Yes! Week 3 and I’m going to Jeju-do! No such thing as too much travelling!
Jeju was a complete escape from the city, an island twice the size of Singapore set aside for nature.
First day, we visited two craters! First, was Sangumburi Crater, which presented a vast field of silvergrass before the crater itself. While the silvergrass were still green, it was a lush sight and a peaceful walk up to the crater. The crater itself is covered in vegetation, a large indent in the ground, a remnant of an extinct volcano.
After that, we stopped by myeongjin jeonbok abalone restaurant, supposedly the best restaurant in Jeju. The restaurant only serves 4 items. Per our host’s reccomendation, we got the abalone rice and the grilled abalone. The abalone rice (10,000W) was served in a clay pot, with the rice mixed with pumpkin and slices of fresh abalone. The grilled abalone (30,000W) came with 11 sizzling abalones to feast on. Furthermore, this is possibly the only restaurant where mackeral is served as a side dish (not free flow though). Needless to say, this was a FEAST.
After the best meal in Jeju, we headed to sunrise peak, Seongsan Ilchulbong. This was a 20 minutes hike up to the view of the crater which was really worth the climb. There were many other korean tourists with us. Off the side of the crater, there’s also a small restaurant owned by a couple of Haenyeo, the Jeju female divers. They do demonstrations for free but unfortunately, the waves were especially choppy during our visit and hence, it was called off. The Haenyeo are living proof that your grandmother can be fitter than you. They were a lively bunch, selling their octopus and shellfish along the coast of a cliff.
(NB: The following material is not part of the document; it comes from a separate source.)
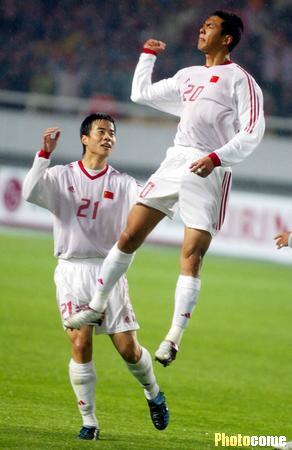 图文-奥运预选赛中国1-0马来 徐亮兴奋"飞起"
On the second day, we visited the south city of Seogwipo. There, we visited the Olle daily market where we tried some black pig kebabs, jeju oranges, and bought some hallabong makgeolli and marinated raw crabs to snack on. These are Jeju specialties and definitely worth trying!
For dinner, our host brought us to have Galchi Jorim, Cutlass fish braised in a extremely spicy yet extremely flavourful stew. This dish is the definition of shiok. The stew came with four big chunks of cutlass fish meat which was tender. However, bones line the sides and middle of the fish which definitely demands patience. Still, the reward was worth it.
On the third day, Typhoon Tapah wrought its rain upon Jeju and it poured heavy throughout the day. Hence, we went to manjanggul cave, a 1km walk through an underground lava tube. Underground, the temperatures dropped to 14 degrees and water dripped through cracks in the ceiling above us. The cave was dimly lit and an occasional draft swept through the tunnels now and then. It was certainly an atmospheric experience and one can easily lose track of time in the caves.
On the fourth day, Typhoon Tapah was closest to Jeju and so we stayed in, while strong winds and rain surrounded us. Thankfully, we were the winds died down in the night and our flight wasn’t cancelled! We thanked our hosts, and got on our flight back to the city.
Spending 4 days in Jeju was an experience of the slow life, and of a natural place. We take for granted many things: the speed of city life, our natural inclination to nature, Singapore’s freedom from natural disasters. Yet, Jeju was not all green and cheer. Jeju also was a city of protest against urbanisation, and an aging city suffering deep cultural loss. Still, there is beauty in that too.